Recognises a number of data formats, including HTML and text.
Providing you have a c compiler/gcc and c++/g++ installed, is relatively easy to compile, install and setup (no big deals encountered).
Has a nice feature that generates default forms pages.
Compact database format.
Providing you update the Isearch database after you update your web files/site, seems to be quite accurate and good at finding relevant hits.

Also refer:

"How to write comments suitable for automatic software indexing",
P. DiFelice, G. Fonzi,
Journal of Systems and Software, 1998, Vol.42, No.1, pp.17-28

Where to get Isearch

The Isearch website is at http://www.cnidr.org/ir/isearch.html.

The Isearch ftp download area is at ftp://ftp.cnidr.org/pub/software/Isearch/.

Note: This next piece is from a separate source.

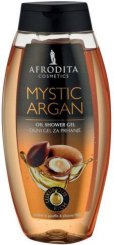 Afrodita Cosmetics Mystic Argan Oil Shower Gel - масло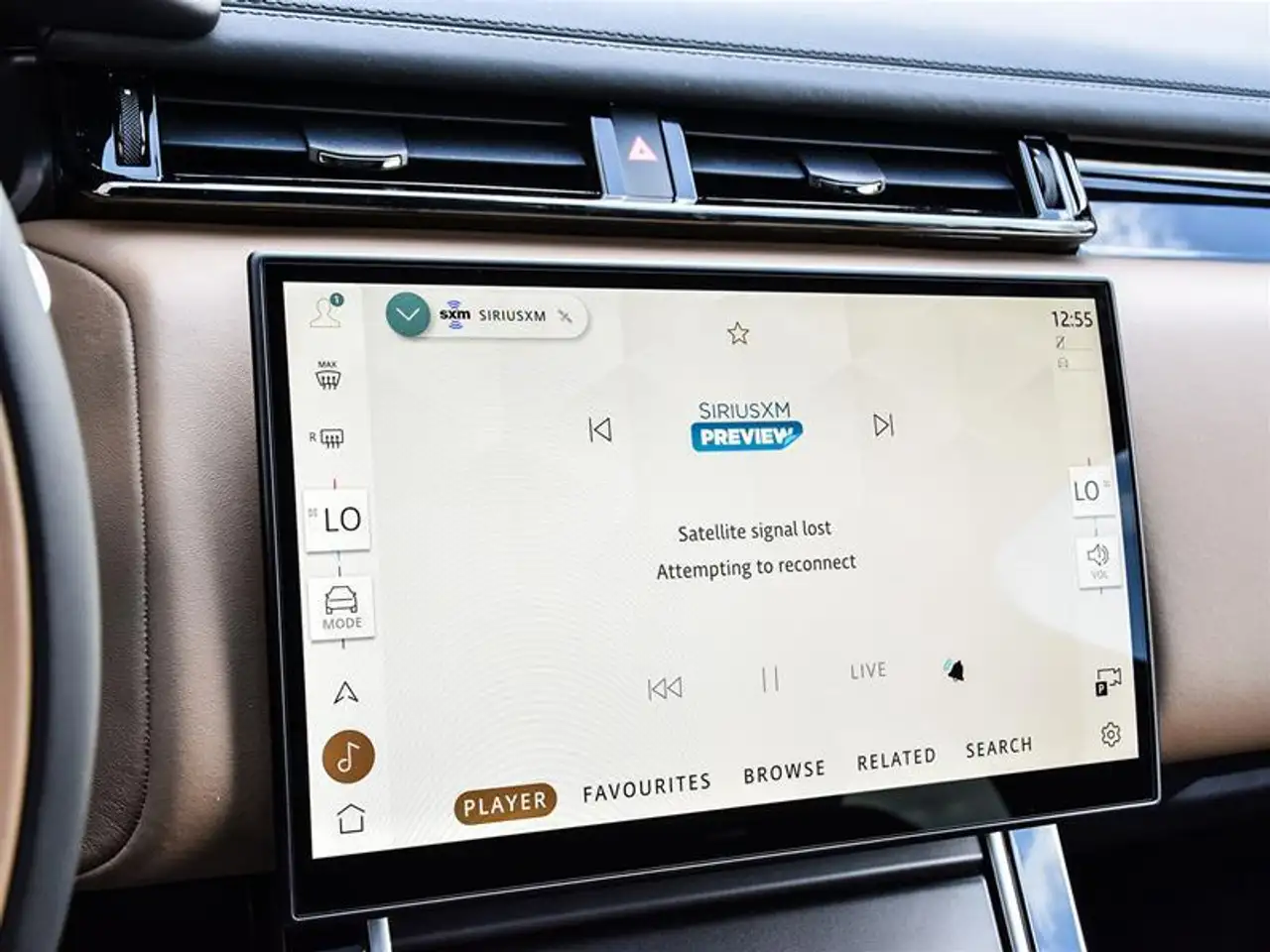 Land Rover Range Rover Velar fotografie Land Rover Range Rover Velar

Also be wary that there seems to be another distributions and information at:

Freely available
At http://www.cnidr.org/ir/isearch.html
Modern Binaries at: ftp://ftp.awcubed.com/Software/
At ftp://ftp.awcubed.com/Software/
At http://www.etymon.com/pub/software/Isearch/
At http://www.etymon.com/Isearch/
At http://www.fgdc.gov/clearinghouse/clearinghouse.html
The Isite Information System (isite/isearch/iindex)
- Old Overview description
- At http://herkules.oulu.fi/~z/isitehtm.html

Compiling and Installing the Web Server

This assumes you have GCC/G++ compiled. Many GCC installations do not have G++ installed and there are extra libraries that have to be compiled in. Refer to Compiling the GNU GCC/G++ C compiler for information on how to do this. With a decent workstation, this should not be a problem and the ./configure programs should be able to detect make compiling a relatively trivial application.

Extract the Isearch-1.20.06.tar.gz file using the command gzip -d < Isearch-1.20.06.tar.gz | tar xvof -
Change directory into the Isearch-1.20.06 directory.
Run the ./Configure program (it should detect your system and set things up OK)
Type make to compile isearch
- CGI/Web executables are in the Isearch-cgi directory
- General executables are in the bin directory.
Type make install to copy the general executables into the /usr/local/bin. Normally you would have to be the systems administrator to do this unless you have been given permissions to install programs in this area under your user account.
Also put the CGI/Web executables into the cgi-bin area designated by your web server setup. (e.g., for apache 1.3.x6 /usr/local/etc/httpd/cgi-bin)

Deciding What to Index

In the case of the CCP14. All html, htm and relevant text files are indexed for each virtual domain (www, alife, programming, netlib, gnu, etc). For possible regional mirroring purposes, it was decided to keep things separate.

Config Files

For CCP14, because there are a variety of different "virtual domains" with their own search databases, each search database is put in it's own cgi-bin directory.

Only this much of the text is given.